The core priority will have two parts:
Core and common elements that apply to all employees
An optional section for employees to further specify how they will activate the Security Core Priority based on their role, team, org, etc.
All employees will set their Security Core Priority as part of their first FY25 Connect, with the intent that during regular Connect conversations, you and your manager will discuss your Security Core Priority progress and impact. This process will follow the same approach as our other company-wide core priorities for Diversity & Inclusion and Managers. You can learn more about the Security Core Priority here, including FAQs and Security Core Priority activation examples for three main types of roles: technical, customer and partner-facing, and all other roles.
As we kick off our 50th year as a company, I know we all feel honored and humbled that we are still here—as a relevant and consequential company—pursuing our mission together. When we empower every person and organization on the planet to achieve more, we take on society’s biggest challenges and empower the world. What a big, bold, and meaningful mission we have, and yet none of us can take this for granted. We are here because our customers trust us, and we must continue to earn their trust every day.

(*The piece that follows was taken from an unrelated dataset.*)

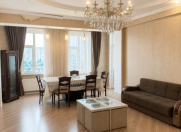 Satılır 3 otaqlı 130 m2 yeni tikili Şah İsmayıl Xətai m.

Thank you for your commitment to our Security Core Priority that will help protect Microsoft, our customers, and our partners.
Microsoft’s emphasis on security highlights its dedication to protecting its users and maintaining their trust. By making security a core priority for every employee, Microsoft aims to create a culture where security is integral to every aspect of its operations. This move is a clear signal that the company is serious about addressing security challenges head-on and setting a standard for the industry.